The golden age of credit card fraud is drawing to a close

in security on (#2SZD)
The US is about to finally embrace the secure chip-based authentication system called EMV—the standard was pioneered by Europay, MasterCard, and Visa—that the rest of the world has already adopted. Pushed by mounting fraud costs, credit card companies have crafted incentives for merchants to switch to the sophisticated readers needed to accept the cards. “There was a lot of skepticism about whether it would ever happen in the US,” says Michael Misasi, an analyst with the Mercator Advisory Group. “All of the data breaches that have happened have woken people up, and progress has been accelerating this year.” The first serious milestone is October 2015. By 2020 the swipe-and-sign magstripe reader will be as hard to find as the credit card impression rollers they supplanted.

The end is nigh for online credit card fraud, too. Systems like Apple Pay and Visa’s newly announced Visa Token Service (something Discover, Bank of America, Citibank and American Express offered several years earlier) accomplish the same security goals as EMV, but also work online.

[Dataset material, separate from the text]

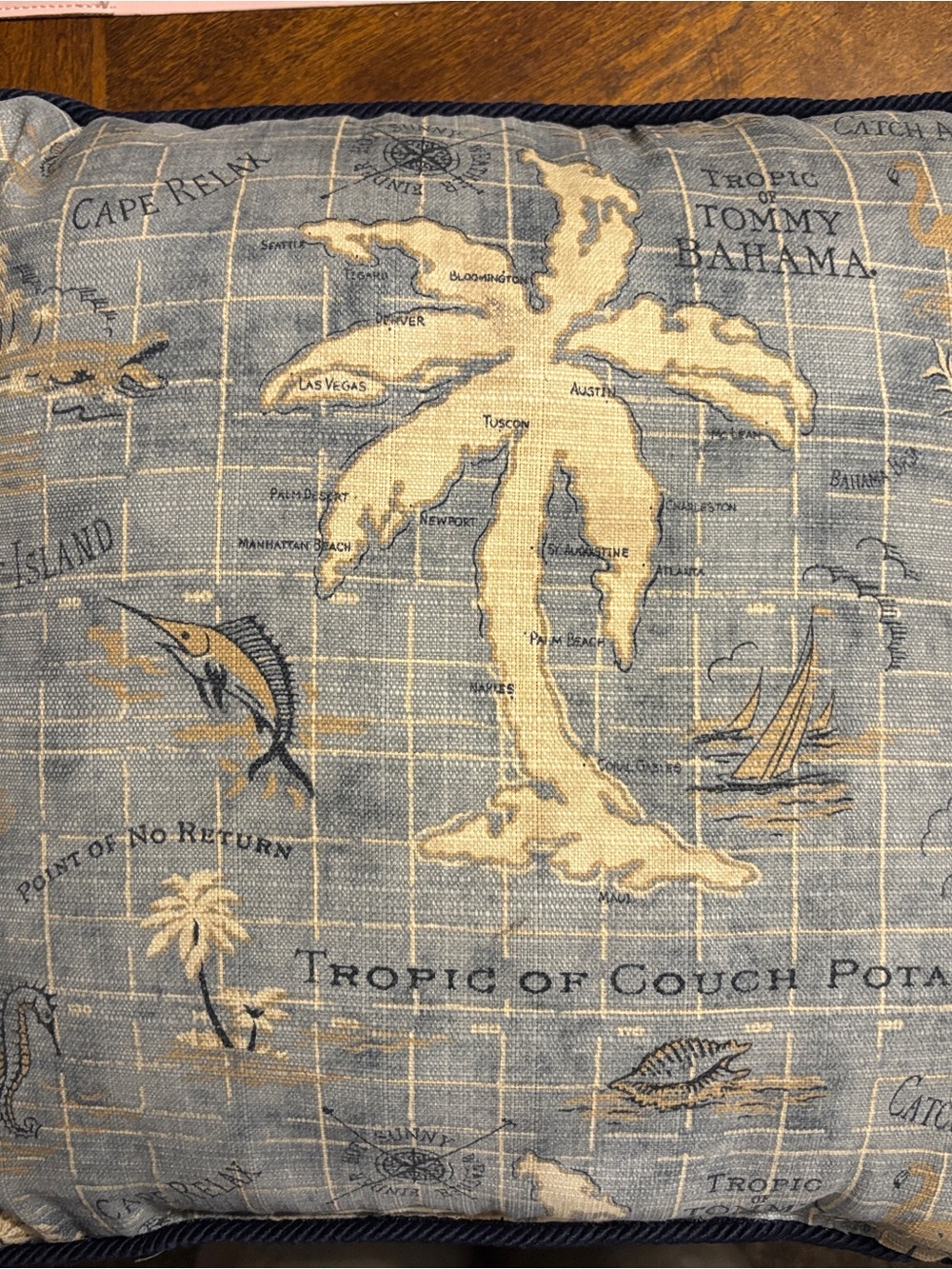 Tommy Bahama Coastal Map Throw Pillow in Blue and Cream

They replace the static credit card number with a temporary token that changes every time.

Finally, the modern age (Score: 3, Funny)

by on 2014-09-27 20:23 (#2SZH)

I traveled extensively in Europe this year and bumped into a lot of ATMs where my non-chipped American credit card was totally worthless. About time the Americans joined the modern world. As for the golden age of credit card fraud coming to an end, I'm not so sure. They can't make a carbon copy of my credit card at the restaurant anymore, but now they can camp onto my wireless, hack my router, decrypt my HTTPS connection, steal my identity, post revenge porn of me all over 4chan, trash my email, steal my bank password, and transfer my bank balance to an undisclosed location in the Cayman Islands. While they're at it they can see if I reused passwords, hack my server, and use my Yahoo account to tell all my friends I got kidnapped in Greece and will they please wire some money to that account I never mentioned in the Cayman Islands?

I kind of feel like we're out of the frying pan and into the fire.